If you know for a fact that you did not have a great interview because they told you, the last thing you should do is leave a lasting memory of the bad interview by apologizing. Let it go and move on. Do not draw attention to yourself over negative interviews that should be forgotten.

4. “I Am Not Doing Enough Obviously.
I Need to Start Applying Online for Jobs Mostly.”

Reflecting, to this point I believe I had done a bit too much. At the time, however, I was not working and thought that the best course of action would be to play the numbers of applying online.

I made the smart decision to go home and work on several different resumes, one for each particular skillset. Then I made the unwise decision to completely spam job listings all over the Internet for jobs I can “almost do”. After this job interview, my fear was, “Everyone else must be doing more than I am because they have jobs and I do not.”

The real problem was that I stopped networking, which was something I had done a great deal of for most of my career. Mentally, whether I knew it or not, I had given up because of my irrational fears and thoughts following the job interview. I focused only on applying for jobs online, a big mistake.

After Interview Tip: The verdict will forever be out on whether or not applying online for jobs “works”. Some have had success, but most do not. Finding a job is not the one-pronged approach it used to be. The only way to “get a job” from a person is by networking with people. Online job applications are an effort, but they are not everything.

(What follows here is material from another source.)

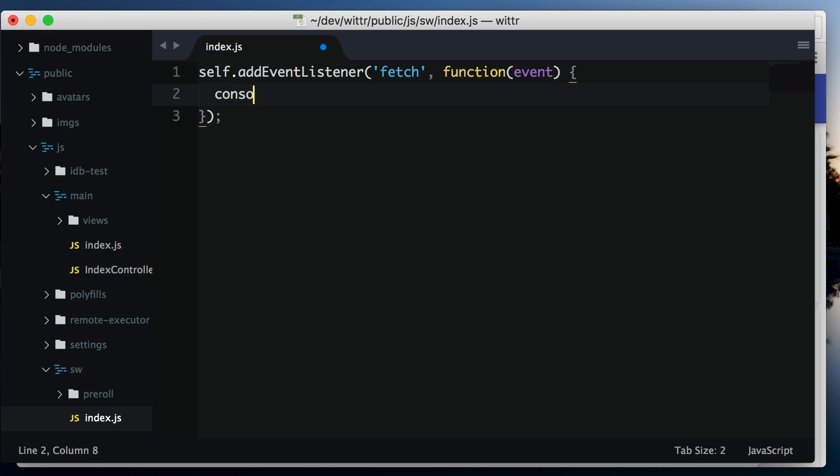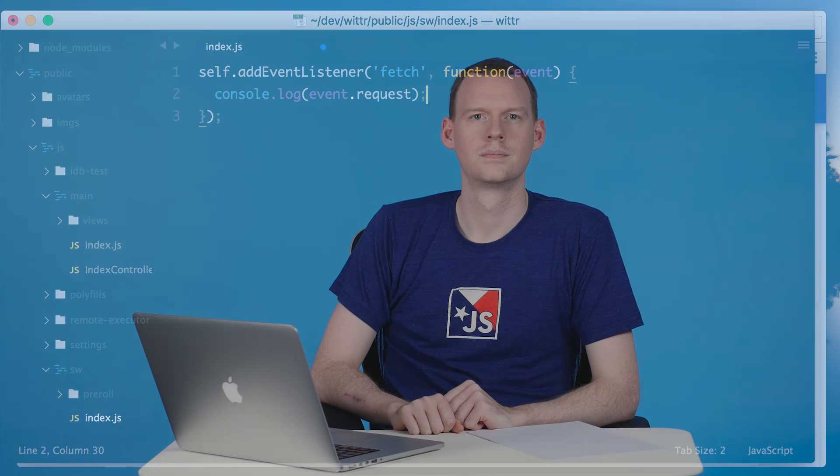So in my fetch event, I'm going to log event.request. To find out what kind of information is in that object, click through to the next lesson.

3. “I Will Take Any Job at This Point.”

I meant well, but it was a bad idea. After months of little success with interviews from job listings I spammed, I found myself growing more and more discouraged. In many ways, I had practically made a fool of myself at some job interviews just by showing up.

One interview at a fashion design website loved talking to me and thought it was “brave to show up”, but I knew nothing about the industry or the culture. I interviewed because I usually pick out my wife’s clothes for work and people say she looks amazing. Regardless, looking back I would have hated the job even I could learn how to survive in it.

After Interview Tip: No matter what happens to you in your career, stick to the things you are most passionate about. A paycheck is great, but we are in an economy right now that survives on dedication to a passion, not a paycheck. You will also be able to sleep better at night. Working jobs you do not like clutter up your resume with things you wish you had not done, not a great thing to have for a job interview.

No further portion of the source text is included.